**** Dataset extract

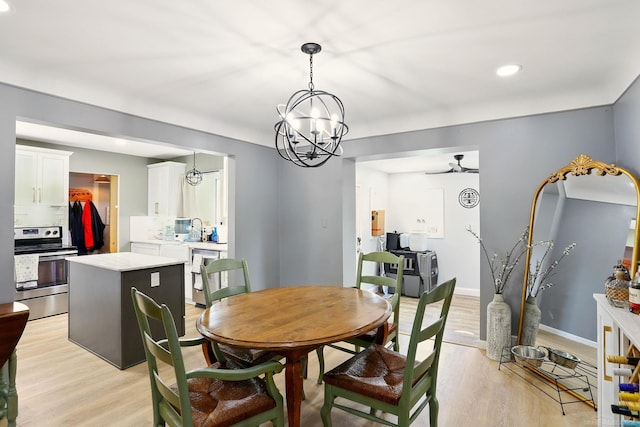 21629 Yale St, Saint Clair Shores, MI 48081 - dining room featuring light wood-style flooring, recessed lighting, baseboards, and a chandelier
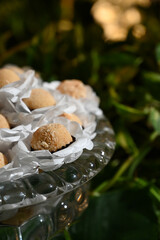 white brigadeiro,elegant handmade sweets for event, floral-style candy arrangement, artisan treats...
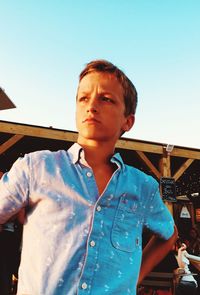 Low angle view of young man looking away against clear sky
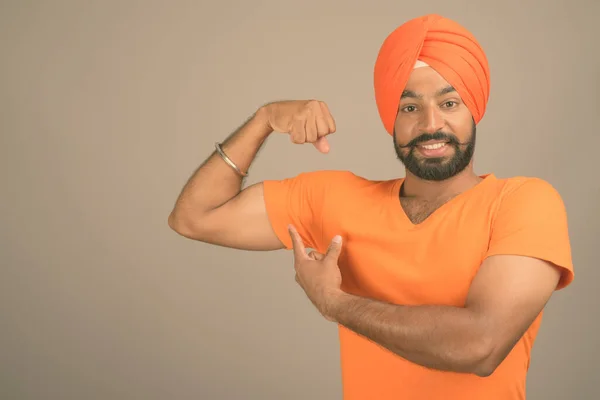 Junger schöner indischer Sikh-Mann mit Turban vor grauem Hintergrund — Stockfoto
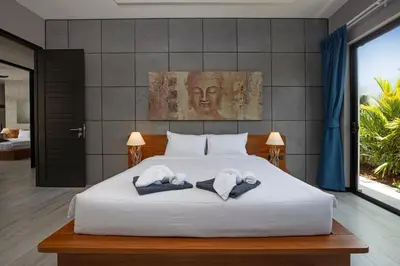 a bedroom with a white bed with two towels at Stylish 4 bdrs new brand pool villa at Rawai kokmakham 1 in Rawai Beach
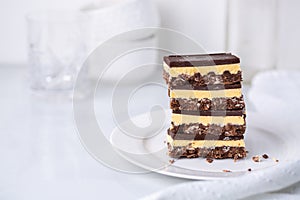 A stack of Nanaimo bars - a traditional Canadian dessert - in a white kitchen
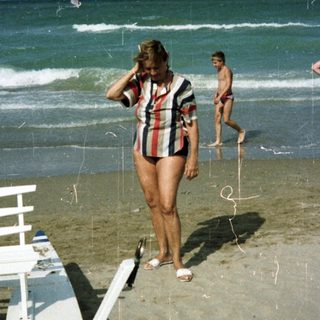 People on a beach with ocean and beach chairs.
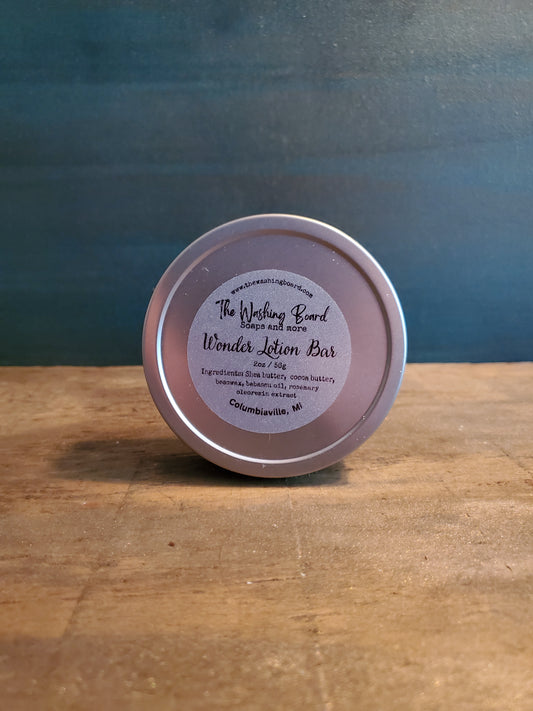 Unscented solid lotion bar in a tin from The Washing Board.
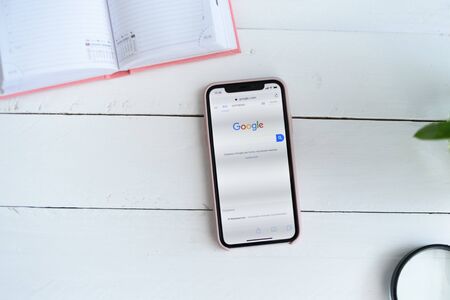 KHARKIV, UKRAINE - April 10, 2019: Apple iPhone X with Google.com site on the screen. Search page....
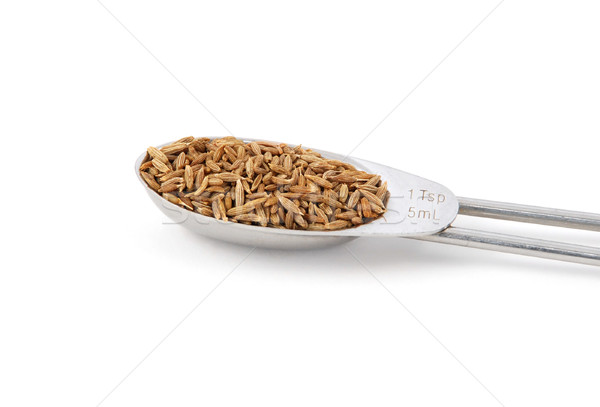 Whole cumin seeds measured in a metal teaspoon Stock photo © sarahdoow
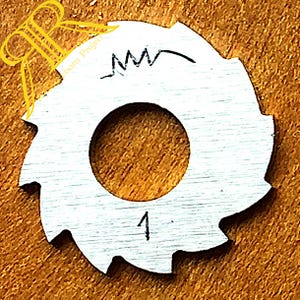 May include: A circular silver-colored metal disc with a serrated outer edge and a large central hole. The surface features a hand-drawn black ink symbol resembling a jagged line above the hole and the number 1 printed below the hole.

********

### The problem
Set down the records above exactly as written, beginning with the first line and ending with the line that contains "KHARKIV, UKRAINE - April", and do not include pictures.

### Finished task
 21629 Yale St, Saint Clair Shores, MI 48081 - dining room featuring light wood-style flooring, recessed lighting, baseboards, and a chandelier
 white brigadeiro,elegant handmade sweets for event, floral-style candy arrangement, artisan treats...
 Low angle view of young man looking away against clear sky
 Junger schöner indischer Sikh-Mann mit Turban vor grauem Hintergrund — Stockfoto
 a bedroom with a white bed with two towels at Stylish 4 bdrs new brand pool villa at Rawai kokmakham 1 in Rawai Beach
 A stack of Nanaimo bars - a traditional Canadian dessert - in a white kitchen
 People on a beach with ocean and beach chairs.
 Unscented solid lotion bar in a tin from The Washing Board.
 KHARKIV, UKRAINE - April 10, 2019: Apple iPhone X with Google.com site on the screen. Search page....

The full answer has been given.